David Foucher READ TIME: 13 MIN.

What a year. From the anti-gay animus of MassResistance, the Boston Archdiocese and VoteOnMarriage.org to the victory over an anti-gay marriage amendment -from the angst over ENDA to the messiness of presidential politics, 2007 was interesting. Here's a quick rundown of the highlights.

January
The agony of defeat
Back in November 2006 the marriage equality advocates broke out the champagne to celebrate their supposed victory over the marriage amendment. Um, nice try, guys, but no. The Jan. 2 constitutional convention (ConCon) was a rude awakening for same-sex marriage supporters, and arguably the marriage equality movement's darkest hour. Advocates had planned to kill the marriage amendment procedurally at the ConCon, but in the weeks leading up to the ConCon everything unraveled: VoteOnMarriage.org held rallies across the state urging lawmakers to take an up-or-down vote on the marriage amendment, and the Supreme Judicial Court issued a ruling that said that while the court had no authority to compel the legislature to take a vote, it was the legislature's duty to do so. The majority support to kill the amendment with a procedural vote quickly evaporated.
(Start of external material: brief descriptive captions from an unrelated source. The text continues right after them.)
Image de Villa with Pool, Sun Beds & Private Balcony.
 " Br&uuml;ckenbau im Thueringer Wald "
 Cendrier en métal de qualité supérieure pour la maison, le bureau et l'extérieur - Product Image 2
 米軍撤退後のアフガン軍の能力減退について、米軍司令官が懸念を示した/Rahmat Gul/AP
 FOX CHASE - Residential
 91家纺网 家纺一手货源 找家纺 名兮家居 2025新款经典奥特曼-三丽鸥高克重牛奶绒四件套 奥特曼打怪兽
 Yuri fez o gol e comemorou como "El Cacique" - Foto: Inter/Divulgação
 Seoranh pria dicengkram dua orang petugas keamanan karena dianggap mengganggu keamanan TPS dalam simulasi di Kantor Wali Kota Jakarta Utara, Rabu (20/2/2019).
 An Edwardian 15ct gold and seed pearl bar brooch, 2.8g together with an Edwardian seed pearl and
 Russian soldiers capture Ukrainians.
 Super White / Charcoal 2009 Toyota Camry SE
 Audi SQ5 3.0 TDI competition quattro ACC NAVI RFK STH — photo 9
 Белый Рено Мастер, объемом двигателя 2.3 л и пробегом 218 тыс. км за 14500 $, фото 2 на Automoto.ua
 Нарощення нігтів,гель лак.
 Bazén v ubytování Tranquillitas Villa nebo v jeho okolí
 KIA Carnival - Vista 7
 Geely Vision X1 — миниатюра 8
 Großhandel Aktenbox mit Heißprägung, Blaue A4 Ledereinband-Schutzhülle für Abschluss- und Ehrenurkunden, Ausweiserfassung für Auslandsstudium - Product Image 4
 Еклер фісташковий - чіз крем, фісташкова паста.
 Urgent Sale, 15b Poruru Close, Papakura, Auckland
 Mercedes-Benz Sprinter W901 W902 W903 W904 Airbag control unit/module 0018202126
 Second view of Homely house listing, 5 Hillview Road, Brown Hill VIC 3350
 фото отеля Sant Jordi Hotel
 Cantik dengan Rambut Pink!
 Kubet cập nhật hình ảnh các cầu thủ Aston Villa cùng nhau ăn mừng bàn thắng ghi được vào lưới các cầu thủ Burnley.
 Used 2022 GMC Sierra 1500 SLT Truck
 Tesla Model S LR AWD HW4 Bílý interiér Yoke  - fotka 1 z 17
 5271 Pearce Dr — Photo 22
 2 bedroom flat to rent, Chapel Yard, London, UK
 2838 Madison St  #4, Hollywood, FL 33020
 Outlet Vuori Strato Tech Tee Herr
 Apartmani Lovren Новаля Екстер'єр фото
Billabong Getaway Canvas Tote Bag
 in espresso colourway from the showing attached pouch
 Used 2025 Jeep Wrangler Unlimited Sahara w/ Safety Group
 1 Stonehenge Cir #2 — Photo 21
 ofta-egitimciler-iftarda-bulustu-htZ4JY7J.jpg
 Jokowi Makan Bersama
The day of the ConCon, Sen. President Robert Travaglini, who opposes same-sex marriage and favors civil unions, signaled his intention to hold an up-or-down vote on the amendment, and the legislature passed it, sending it into the next session for a final vote. In her analysis of the ConCon, Bay Windows reporter Laura Kiritsy points out that Travaglini's call for an up-or-down vote was hardly motivated by a principled commitment to process:

"After ramming through two up-or-down votes on a proposed constitutional amendment that would prohibit same-sex couples from marrying, Travaglini, in open defiance of a Dec. 27 Supreme Judicial Court ruling which said that it was the 'constitutional duty' of lawmakers to take merit votes on initiative petitions, orchestrated the killing via procedural maneuver of an amendment that would have mandated universal health care throughout Massachusetts."

Quote of the month
"[My message is] that we can really find a way to talk to each other that's positive instead of negative, that has a sense of community, that we don't constantly break things down and say, 'We're okay because my little subset of the trans community is okay, because we're not like those people over there, because they're kind of weird and I don't really get them either.' We can make a lot more effort to figure out all the jobs basically that need to be done on this boat that we're all on, which is a boat, I like to remind people on a regular basis, that a whole bunch of other people are trying to sink."
- Helen Boyd, author of She's Not the Man I Married and keynote speaker at the Tiffany Club's 2007 First Event conference.

February
Log Cabin no friend of Romney's
It's a safe bet that Log Cabin Republicans really don't like Mitt Romney. Log Cabin's new president Patrick Sammon spoke with Laura Kiritsy during his meet-and-greet with local supporters in Boston, and he told her that he was waiting for a "serious journalist" to press the presidential hopeful and former Massachusetts governor on his flip-flops on gay rights, from his relatively strong pro-gay stances during his 1994 Senate bid and 2002 run for governor to his new pose as a conservative culture warrior in his run for the Republican nomination. What made Romney's about-face particularly vexing for Log Cabin is that he successfully courted and won the endorsement of the local chapter during his Senate and gubernatorial campaigns and then used his crusade against same-sex marriage to boost his presidential bid.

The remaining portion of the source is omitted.